The applicants were both arraigned before the magistrates court facing 1 count of armed robbery as defined in section 126 of The Criminal Law (Codification and Reform) Act [Chapter 9:23]. It is alleged that on 23 February 2021 at Mukahwi Store, Dorapindo, Zimunya, Mutare both accused approached the complainant while driving a Mazda 323 silver in colour with no number plates. The second applicant produced a pistol from the handbag ordering the complainant to remain silent. At the same time the second applicant packed grocery items they had demanded from the complainant. The grocery items were loaded into the two applicant’s motor vehicle. On 17 March 2021 the police acting on a tip off recovered the get away vehicle and arrested the applicants who were identified by the applicant.
Sections 116, 117 and 117A of the Criminal Procedure and Evidence Act [Chapter 9:07] gives general guidelines on what falls for consideration when the court seeks to consider whether or not to admit an applicant to bail. It is clear that in befitting circumstances where there are no compelling reasons the court should lean in favour of admitting an applicant to bail on the basis of the operative presumption of innocence till proven guilty by a competent court of law. S 50 and 70 of the constitution of Zimbabwe (No. 20) 2021 provide the rights of arrested and detained persons and accused. The bottom line is that only where there are compelling reasons should an applicant be denied bail. In dealing with an application for bail pending trial a court should always seek to strike a balance between the liberty of the accused person and interest of justice.
Section 50 of the constitution is instructive on what falls for consideration in applications of this nature it states
“any person who is arrested must be released unconditionally or on reasonable conditions pending charge or trial unless there are compelling reasons justifying the continued detention.”
Analysis of the Circumstances
The first applicant denies the allegation of armed robbery. He admits proceeding to the complainant’s shop in the company of the second applicant but denies robbing complaint. The first applicant’s brief defence is that he bought the property in question and did not rob the complainant as alleged. The second applicant also denies robbing the complainant pointing out she was just given a lift by the first applicant but did not rob or steal any property.
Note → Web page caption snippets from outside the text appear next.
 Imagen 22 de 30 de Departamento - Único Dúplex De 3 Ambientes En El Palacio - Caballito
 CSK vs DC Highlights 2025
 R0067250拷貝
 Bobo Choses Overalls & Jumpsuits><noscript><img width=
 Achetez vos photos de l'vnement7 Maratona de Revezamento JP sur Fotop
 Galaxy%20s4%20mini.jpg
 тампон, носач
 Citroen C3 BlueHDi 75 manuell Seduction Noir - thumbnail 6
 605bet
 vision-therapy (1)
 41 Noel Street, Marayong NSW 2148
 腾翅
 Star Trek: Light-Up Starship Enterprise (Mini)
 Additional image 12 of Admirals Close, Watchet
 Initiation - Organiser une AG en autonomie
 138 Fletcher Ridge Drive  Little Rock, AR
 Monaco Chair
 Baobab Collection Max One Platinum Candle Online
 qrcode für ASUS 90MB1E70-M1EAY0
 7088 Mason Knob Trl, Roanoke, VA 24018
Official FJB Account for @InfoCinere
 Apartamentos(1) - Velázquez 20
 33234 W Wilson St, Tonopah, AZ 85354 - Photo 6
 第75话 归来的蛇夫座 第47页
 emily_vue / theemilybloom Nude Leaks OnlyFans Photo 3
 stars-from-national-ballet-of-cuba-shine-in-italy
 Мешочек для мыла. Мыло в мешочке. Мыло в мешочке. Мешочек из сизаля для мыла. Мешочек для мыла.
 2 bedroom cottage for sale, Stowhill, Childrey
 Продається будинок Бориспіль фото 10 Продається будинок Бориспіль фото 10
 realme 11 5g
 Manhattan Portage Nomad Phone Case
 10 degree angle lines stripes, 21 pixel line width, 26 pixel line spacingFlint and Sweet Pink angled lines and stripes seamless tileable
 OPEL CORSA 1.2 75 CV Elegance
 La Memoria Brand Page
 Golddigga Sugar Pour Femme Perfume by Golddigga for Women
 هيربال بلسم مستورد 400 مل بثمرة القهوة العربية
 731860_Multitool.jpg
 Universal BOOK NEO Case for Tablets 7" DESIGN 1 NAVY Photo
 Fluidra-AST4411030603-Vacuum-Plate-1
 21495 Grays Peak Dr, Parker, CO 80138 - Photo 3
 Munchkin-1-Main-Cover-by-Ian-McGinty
Both applicants argued that they are suitable candidates for bail. The respondent vehemently opposed bail citing that there are compelling reasons why both applicants should not be admitted to bail as their admission to bail would prejudice of interest of administration of justice. The state argued that the state case is strong since the applicants were both identified during an identification parade. The two applicants do not dispute having been at the scene of crime on the day of the robbery. The vehicle they were using was recovered even though the pistol is still outstanding. Further the applicants have pending similar cases and fraud involving use of ecocash transactions to purchase goods. The nature of allegations when viewed in conjunction with the strength of the state case and likely sentence in the event of conviction will act as an inducement and temptation to abscond on the part of the applicants. S v Jongwe. 2002 (2) ZLR and S v Roy Bennet HH 178/12
In striving to strike a balance between the right to liberty of the accused which is anchored on the time honoured presumption of innocence and the interest of administration of justice the facts that fall for bail consideration of necessity have to be considered cumulatively as opposed to being viewed in isolation. In the present case the interest of justice is ensuring proper administration of justice system, including the bail system seems to tip the scales against the applicant’s liberty.
The applicants are facing a very serious offence of pre-planned armed robbery for which if convicted will be visited with lengthy custodial sentences. It is trite the seriousness of the offence alone is not good enough basis to deny bail but when viewed in conjunction with the strength of the state case and likely sentence in the event of conviction then the fears of jeopardising the interest of administration of justice stand out as compelling reasons why the applicants should not be admitted to bail. The applicants in this case have other pending matters allegedly committed using the same modus operandi of demanding grocery items as if to purchase and using fake ecocash transactions and display of pistol get away with the grocery items in the recovered getaway car.
The right to liberty in circumstances were the interest of justice and bail system will be jeopardised cannot be acceded to.
In this case there are compelling reasons why the applicants should not be admitted to bail.
The applications for bail pending trial are accordingly dismissed.
National Prosecuting Authority, legal Practitioners for the State.